More active shooter drills. Safe rooms. Bulletproof backpacks. The American classroom is changing.
Editor’s note: This story originally published in September 2023, and was updated to reflect the latest shooting numbers.
With the rising number of school shootings and a lack of meaningful legislation to curb gun violence, schools and parents are attempting to take safety into their own hands.
Gun violence has changed day-to-day life in and out of the classroom, with more time and resources being funneled into preparing for worst-case scenarios.
While some school districts invest in additional safety measures, such as easy-to-exit emergency windows, some parents are adding bulletproof backpacks to their children’s back-to-school shopping lists. A panic button system implemented one week before the shooting at Apalachee High School notified Georgia law enforcement early.
This year, at least 32 shootings were reported on K-12 school grounds, according to a CNN data analysis as of September 4. There were at least 13 others on university and college campuses.
With the exception of 2020 — when schools largely switched to online learning — school shootings have become more frequent nationwide. Nearly 400 have been reported since 2018, according to CNN’s analysis.
“I've come to terms with the fact that I might die in my classroom,” said Briana Takhtani, a seventh-grade teacher in Middlesex County, New Jersey. “School was a good place to be a kid, and it just feels like that's kind of changing.”
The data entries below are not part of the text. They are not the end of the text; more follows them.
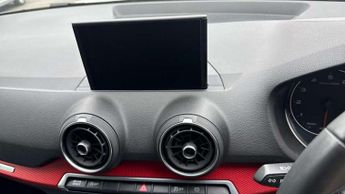 Audi Q2 35 TFSI Sport 5dr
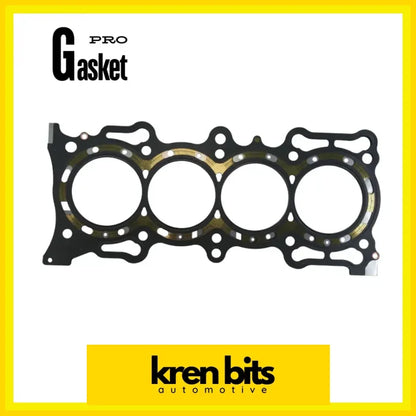 For Honda Accord Cg5 Shuttle 16V F23A3 Metal Full Set Car Accessories Full Set Engine Parts Gasket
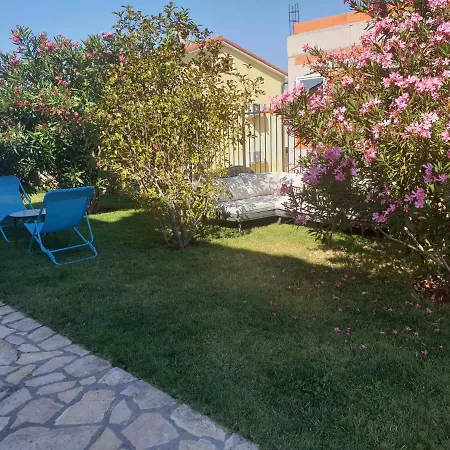 Apartment Apartman Seaside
In light of rising gun violence, classroom fixtures — such as door locks and windows — have been upgraded to increase security.
Here are some items that educators across the country say have been installed in their schools that may seem ordinary but serve a hidden purpose.
Door window covers
The day after the Robb Elementary School shooting in Uvalde, Texas, in May 2022, first-grade teacher Melissa Parrish said her school in Los Angeles conducted a lockdown drill.
“They had us cover any windows that would be exposed in the classroom,” she said. “Then we just turned off the lights and just sat silently.”
Parrish said she did her best to both comfort her young students and be honest with them.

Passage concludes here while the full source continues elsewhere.